◆ Exercise directions: Keeping every line intact, print the records that follow.

◆ Records for this task:
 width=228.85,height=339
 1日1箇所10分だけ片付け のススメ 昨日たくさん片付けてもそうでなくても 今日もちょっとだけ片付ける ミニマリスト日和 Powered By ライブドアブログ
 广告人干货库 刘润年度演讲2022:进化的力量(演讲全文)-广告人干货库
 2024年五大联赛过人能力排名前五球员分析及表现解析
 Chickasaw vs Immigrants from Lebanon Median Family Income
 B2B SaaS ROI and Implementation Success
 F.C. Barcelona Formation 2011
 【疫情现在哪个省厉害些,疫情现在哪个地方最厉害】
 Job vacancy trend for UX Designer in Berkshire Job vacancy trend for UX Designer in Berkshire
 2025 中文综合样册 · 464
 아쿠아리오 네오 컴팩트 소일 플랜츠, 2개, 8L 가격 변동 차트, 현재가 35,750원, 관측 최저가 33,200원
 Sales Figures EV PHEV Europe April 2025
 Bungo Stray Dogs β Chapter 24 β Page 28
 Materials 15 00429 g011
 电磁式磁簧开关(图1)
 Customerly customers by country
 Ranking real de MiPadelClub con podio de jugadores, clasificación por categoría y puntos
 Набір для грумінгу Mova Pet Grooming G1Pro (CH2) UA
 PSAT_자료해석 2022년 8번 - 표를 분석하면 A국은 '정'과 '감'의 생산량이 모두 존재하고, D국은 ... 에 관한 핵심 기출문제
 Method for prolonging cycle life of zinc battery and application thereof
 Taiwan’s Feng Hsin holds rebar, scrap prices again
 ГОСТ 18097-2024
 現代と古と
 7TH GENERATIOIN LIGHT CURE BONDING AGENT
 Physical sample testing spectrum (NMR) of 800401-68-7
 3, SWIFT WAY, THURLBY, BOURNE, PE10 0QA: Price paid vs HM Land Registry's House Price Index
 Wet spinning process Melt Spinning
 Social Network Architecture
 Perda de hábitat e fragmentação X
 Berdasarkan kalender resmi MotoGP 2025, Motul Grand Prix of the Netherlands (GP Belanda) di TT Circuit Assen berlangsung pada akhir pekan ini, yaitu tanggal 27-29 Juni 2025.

◆ Finished task:
 width=228.85,height=339
 1日1箇所10分だけ片付け のススメ 昨日たくさん片付けてもそうでなくても 今日もちょっとだけ片付ける ミニマリスト日和 Powered By ライブドアブログ
 广告人干货库 刘润年度演讲2022:进化的力量(演讲全文)-广告人干货库
 2024年五大联赛过人能力排名前五球员分析及表现解析
 Chickasaw vs Immigrants from Lebanon Median Family Income
 B2B SaaS ROI and Implementation Success
 F.C. Barcelona Formation 2011
 【疫情现在哪个省厉害些,疫情现在哪个地方最厉害】
 Job vacancy trend for UX Designer in Berkshire Job vacancy trend for UX Designer in Berkshire
 2025 中文综合样册 · 464
 아쿠아리오 네오 컴팩트 소일 플랜츠, 2개, 8L 가격 변동 차트, 현재가 35,750원, 관측 최저가 33,200원
 Sales Figures EV PHEV Europe April 2025
 Bungo Stray Dogs β Chapter 24 β Page 28
 Materials 15 00429 g011
 电磁式磁簧开关(图1)
 Customerly customers by country
 Ranking real de MiPadelClub con podio de jugadores, clasificación por categoría y puntos
 Набір для грумінгу Mova Pet Grooming G1Pro (CH2) UA
 PSAT_자료해석 2022년 8번 - 표를 분석하면 A국은 '정'과 '감'의 생산량이 모두 존재하고, D국은 ... 에 관한 핵심 기출문제
 Method for prolonging cycle life of zinc battery and application thereof
 Taiwan’s Feng Hsin holds rebar, scrap prices again
 ГОСТ 18097-2024
 現代と古と
 7TH GENERATIOIN LIGHT CURE BONDING AGENT
 Physical sample testing spectrum (NMR) of 800401-68-7
 3, SWIFT WAY, THURLBY, BOURNE, PE10 0QA: Price paid vs HM Land Registry's House Price Index
 Wet spinning process Melt Spinning
 Social Network Architecture
 Perda de hábitat e fragmentação X
 Berdasarkan kalender resmi MotoGP 2025, Motul Grand Prix of the Netherlands (GP Belanda) di TT Circuit Assen berlangsung pada akhir pekan ini, yaitu tanggal 27-29 Juni 2025.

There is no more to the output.